These words might remind readers of a Boston Globe editorial pronouncing smug judgment on the Catholic Church in the aftermath of the priest sexual abuse scandal. Or they may appear to echo the gloomy appraisals of Catholic commentators from various sides of the ecclesial spectrum. They come, however, from a pen neither smug nor gloomy. This sentence opens a rich, meditative essay sparsely titled “Episcopal Office” and sets the context for a magisterial collection of seven essays, Leadership in the Church, by the German theologian and bishop, Walter Cardinal Kasper.

Upon careful reading, one first notices that Kasper’s words address not the church as such, but the ecclesiastical ministry of church leaders. And upon further reading, one encounters a tone both hopeful and humble, and a vision of church leadership at once learned, practical and wise. That combination, together with the stature of the author, marks this as one of the most important books in ecclesiology to appear in some time. But it is the content and depth of the essays that make the publication of this beautifully translated book so welcome.

Cardinal Kasper has long been well known in the theological community and in the arenas of ecumenical dialogue and Jewish-Christian relations. A professor of dogmatic theology at Tübingen University and the author of such important works as Jesus the Christ and The God of Jesus Christ, he was ordained a bishop for the Diocese of Rottenburg-Stuttgart in 1989. In 1999 he was appointed to the Vatican’s Pontifical Council for Promoting Christian Unity, and in 2001 Pope John Paul II appointed him president of that council and elevated him to the College of Cardinals.
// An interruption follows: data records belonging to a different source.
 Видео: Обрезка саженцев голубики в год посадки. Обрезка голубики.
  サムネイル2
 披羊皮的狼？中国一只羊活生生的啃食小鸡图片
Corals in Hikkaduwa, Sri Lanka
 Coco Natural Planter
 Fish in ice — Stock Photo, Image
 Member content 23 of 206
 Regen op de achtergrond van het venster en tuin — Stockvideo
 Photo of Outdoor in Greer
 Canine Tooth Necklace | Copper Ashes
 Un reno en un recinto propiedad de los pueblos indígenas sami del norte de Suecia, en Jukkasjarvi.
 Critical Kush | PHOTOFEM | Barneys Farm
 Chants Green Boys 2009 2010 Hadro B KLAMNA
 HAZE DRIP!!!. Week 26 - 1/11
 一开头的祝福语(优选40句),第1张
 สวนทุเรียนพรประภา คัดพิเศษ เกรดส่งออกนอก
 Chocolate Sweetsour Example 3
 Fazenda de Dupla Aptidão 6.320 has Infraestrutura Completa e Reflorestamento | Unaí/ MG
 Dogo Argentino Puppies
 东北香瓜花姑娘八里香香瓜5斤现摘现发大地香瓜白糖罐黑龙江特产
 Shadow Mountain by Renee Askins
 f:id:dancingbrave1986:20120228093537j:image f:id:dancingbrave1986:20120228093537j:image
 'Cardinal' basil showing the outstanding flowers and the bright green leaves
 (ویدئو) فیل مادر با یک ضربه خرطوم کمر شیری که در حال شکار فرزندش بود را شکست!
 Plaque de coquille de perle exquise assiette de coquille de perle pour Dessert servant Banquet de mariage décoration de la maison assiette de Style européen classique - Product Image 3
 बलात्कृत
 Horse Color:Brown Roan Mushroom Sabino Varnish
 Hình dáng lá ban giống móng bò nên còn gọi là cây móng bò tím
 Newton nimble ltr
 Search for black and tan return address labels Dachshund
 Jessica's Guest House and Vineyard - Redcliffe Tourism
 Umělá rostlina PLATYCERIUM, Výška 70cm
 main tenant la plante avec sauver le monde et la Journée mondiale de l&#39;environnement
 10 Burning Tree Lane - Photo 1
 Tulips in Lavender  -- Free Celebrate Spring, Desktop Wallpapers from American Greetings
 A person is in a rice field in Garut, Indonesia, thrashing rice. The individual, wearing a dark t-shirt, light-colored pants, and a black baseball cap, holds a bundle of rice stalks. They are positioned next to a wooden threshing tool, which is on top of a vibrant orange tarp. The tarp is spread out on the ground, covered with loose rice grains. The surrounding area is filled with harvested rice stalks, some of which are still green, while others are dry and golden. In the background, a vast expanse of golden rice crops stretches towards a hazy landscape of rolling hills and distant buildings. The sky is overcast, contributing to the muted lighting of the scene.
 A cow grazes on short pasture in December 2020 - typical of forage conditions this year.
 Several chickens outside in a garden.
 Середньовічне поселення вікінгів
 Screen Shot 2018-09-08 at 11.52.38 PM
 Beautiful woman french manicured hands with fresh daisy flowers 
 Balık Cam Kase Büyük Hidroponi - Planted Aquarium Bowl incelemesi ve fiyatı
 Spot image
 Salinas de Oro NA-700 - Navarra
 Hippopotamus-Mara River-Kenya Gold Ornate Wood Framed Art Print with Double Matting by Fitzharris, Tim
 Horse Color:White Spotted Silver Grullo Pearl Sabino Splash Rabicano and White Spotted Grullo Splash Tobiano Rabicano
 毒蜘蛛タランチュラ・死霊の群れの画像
Three distinct competencies that appear in the pages of this book emerge from this varied background: the intellectual acumen of the dogmatic and historical theologian, the pastoral sensitivity of the bishop and the practical wisdom of one engaged in serious, open dialogue with members of other churches and religions.

Along with his essay on the office of bishop, separate chapters appear on the offices of deacon and priest. Kasper addresses the well-documented problems of the declining numbers of priests, but he does not attempt to tackle everything. He brackets, for example, the hot-button questions of priestly celibacy and the ordination of women. This allows him to focus theological attention on a key historical factor in the restoration of the diaconate by Vatican II—“it was the fruit of a movement ‘from below’”—and to acknowledge that the real crisis in the priestly office is “not a shortage of priests, but a shortage of faithful and of communities.” In a personal aside, he adds, “I am firmly convinced that the contemporary crisis [in priestly ministry] must not be seen only in the light of its negative aspects: we could also consider it a kairos for developing, if not a new church, then at any rate a new epochal form of our church as it enters the third millennium of its history.” These remarks signal what is so fresh about Kasper’s approach throughout: he consistently attends to the living reality of the church as the ground of its rationality.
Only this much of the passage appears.